Justice League Heroes: The Flash is a side-story video game which complements the main events during Justice League Heroes of the PlayStation 2 and Xbox consoles. It features Wally West / Flash as the playable character, and assistant NPC's such as Superman, Wonder Woman, Martian Manhunter, Black Canary, Green Arrow and Batman.

Plot summary
It covers what the Flash was doing while the other Justice League members were on missions. By the first level, Martian Manhunter warns Flash about a robot invasion in Keystone City, led by Gorilla Grodd.

During the second level, Superman and Batman are investigating a break-in at S.T.A.R. Labs while Gotham City is being attacked by both regular criminals and robots.

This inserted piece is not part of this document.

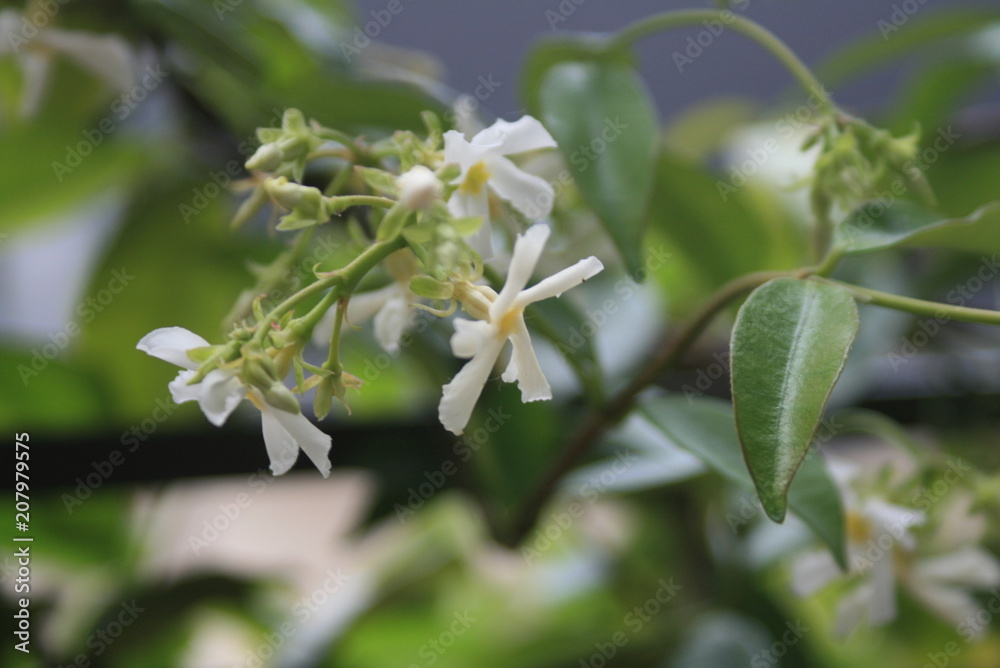 Naklejka premium fleur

There, Flash confronts Killer Frost.

By the third level, the Martian asks Flash to help Themyscira, Wonder Woman's home island, where the sorceress Circe has taken over and turned all the guards into animals, and he's joined by Green Arrow. Circe slips that Brainiac is behind the plot, but doesn't give further details.

At this time, the Martian Manhunter is with Superman on Mars, fighting the white martians and Flash talks with Batman. The Dark Knight informs him about some floods across the Pacific, and Flash goes to investigate. Once there, he finds and confronts Zoom.

After this, Flash talks to Black Canary. Brainiac had invaded the Justice League Watchtower and was just driven away. She tells Flash that Superman will meet up with him, and Flash challenges him to a race.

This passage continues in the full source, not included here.